─── Exercise input ───

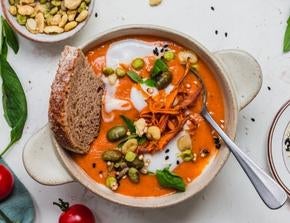 A bowl of tomato soup, with a slice of bread, topped with Nature's Heart's Crunch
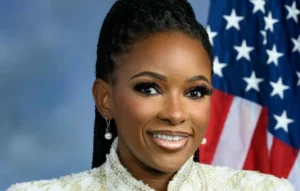 Jasmine Crockett is laughing while wearing white clothes and the American flag stands behind her.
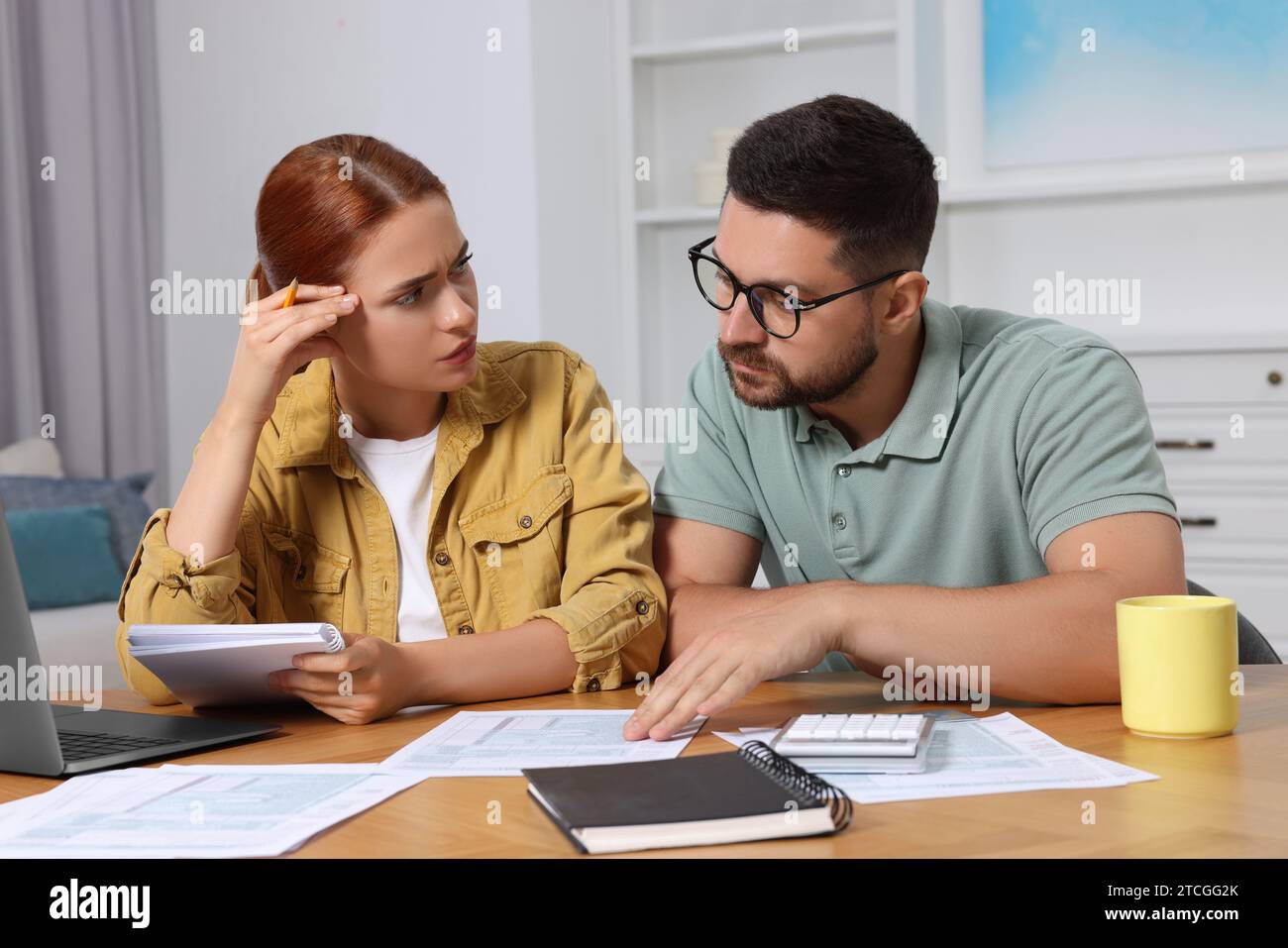 Calculating couple tax form hi-res stock photography and images - Alamy
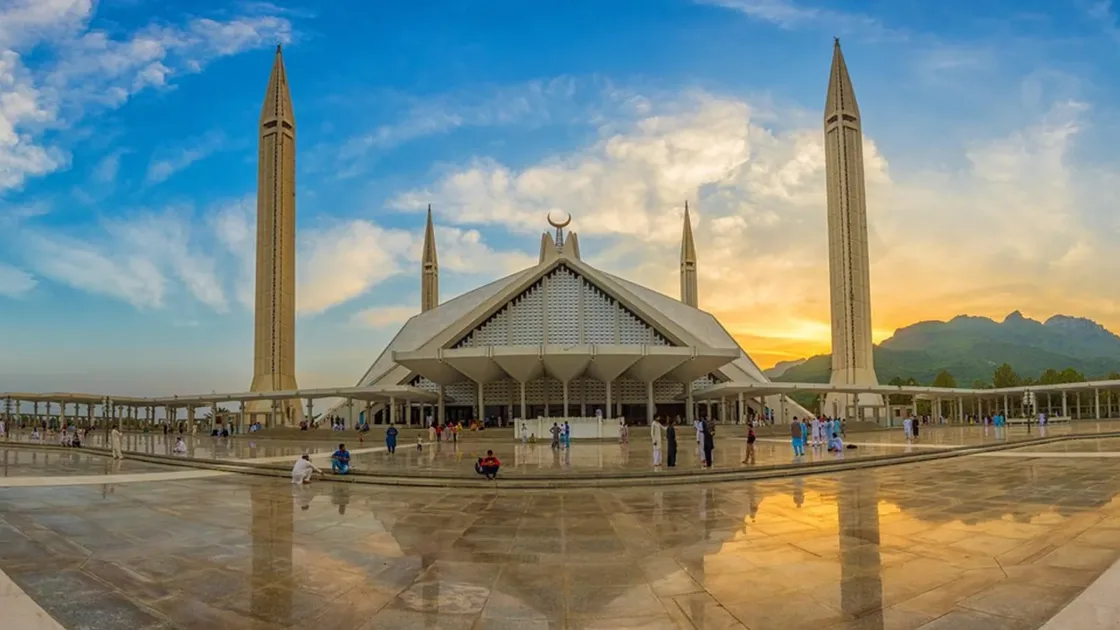 Panorama of Faisal Mosque in Islamabad at sunset, its courtyard reflecting the sky and the Margalla Hills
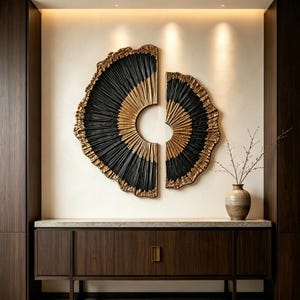 Op de afbeelding: Een tweedelige wandkunstset met cirkelvormige, waaiervormige figuren met gestructureerde zwarte en gouden stralende lijnen. De stukken zijn aan een muur bevestigd boven een donkerhouten dressoir met een kleine keramische vaas met takken.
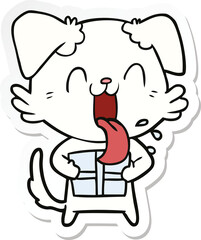 sticker of a cartoon panting dog with present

───

To do –
Exact lines, nothing more: output the one with "Op de afbeelding: Een" and every later line through the end of the data, skipping pictures.

Response –
 Op de afbeelding: Een tweedelige wandkunstset met cirkelvormige, waaiervormige figuren met gestructureerde zwarte en gouden stralende lijnen. De stukken zijn aan een muur bevestigd boven een donkerhouten dressoir met een kleine keramische vaas met takken.
 sticker of a cartoon panting dog with present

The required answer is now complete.